What does it mean? The end of the upward correction will be the beginning of a major decline that will eventually carry the price down to around 2000 or below.
What does Elliott wave theory say? The current wave up is a C wave of Minor degree. C waves often are the same length as the preceding A wave, which in this case was 277 points. Add that to the starting point of Minor C — 3064.50 on June 17 — and that gives a target of 3284.25 as the end of Minor wave C and also of Intermediate wave 2.
But 3284.25 violates a rule of Elliott wave theory: A 2nd wave cannot move beyond the start of wave 1, which in this case was 3231.25 on June 8. So 3231.25 is the maximum rise allowed under the present count.

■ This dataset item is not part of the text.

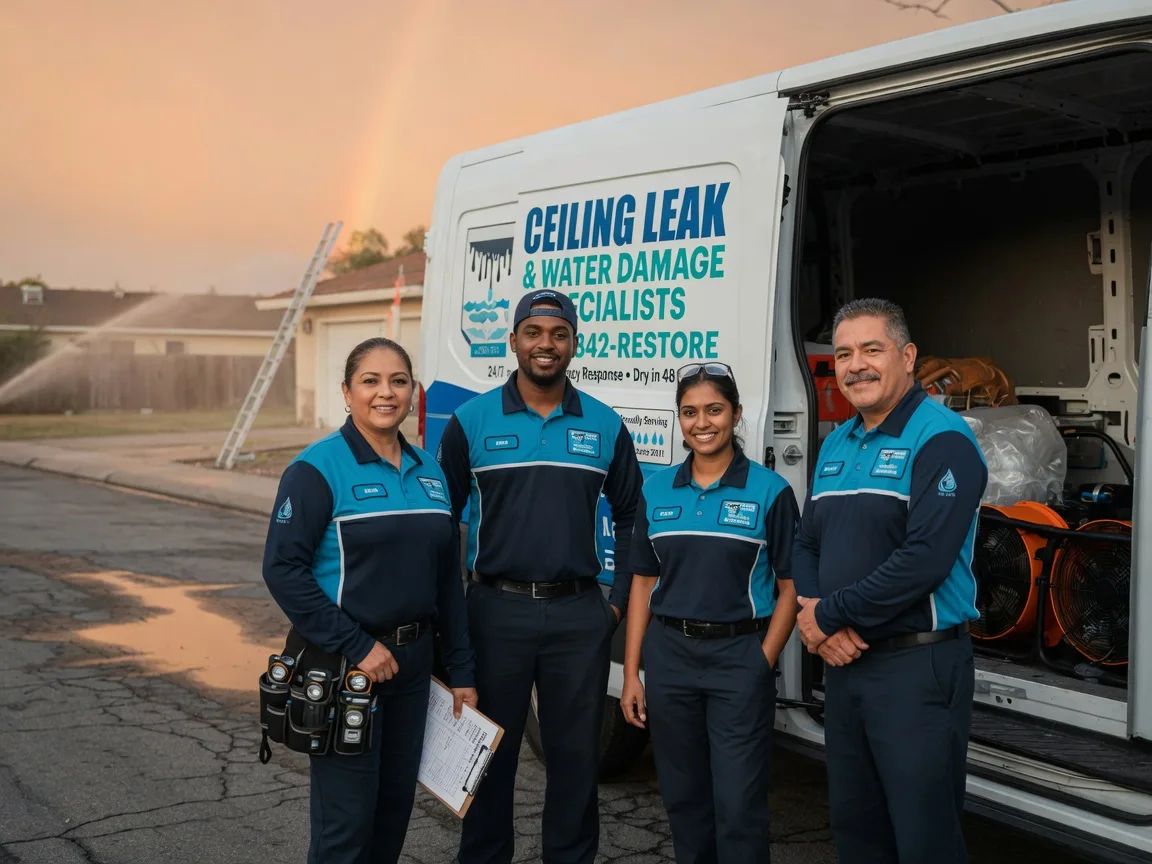 Ceiling Leak Cleanup company in Menasha, WI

What is the alternative? I’ve been writing this a lot lately, but the alternative is a move beyond 3231.25, which destroys the entire count since February. I don’t expect it to happen.
What about my trades? Minor wave C is in Minute wave 3 out of five waves total, so it’s time to think about how best to get back into options once Minute wave 5 begins. As of today the monthly options expiring July 17 are 28 days away, just seven day’s before I exit winning options positions. The monthlys expiring August 21 have 63 days left. The ideal midpoint is 45 days, so August is 18 days before that point and July is 17 days after. Wave C may have another day or two to go, so the August options seem to be the best choice.
After Intermediate wave 3 begins, there’s still value in waiting to enter. The Minor 1st wave of Intermediate 3 will be followed by a wave 2 that will retrace a significant part of that 1st wave. So, perhaps best to wait until late in Minor 2 so I can catch Minor 3 of Intermediate 3.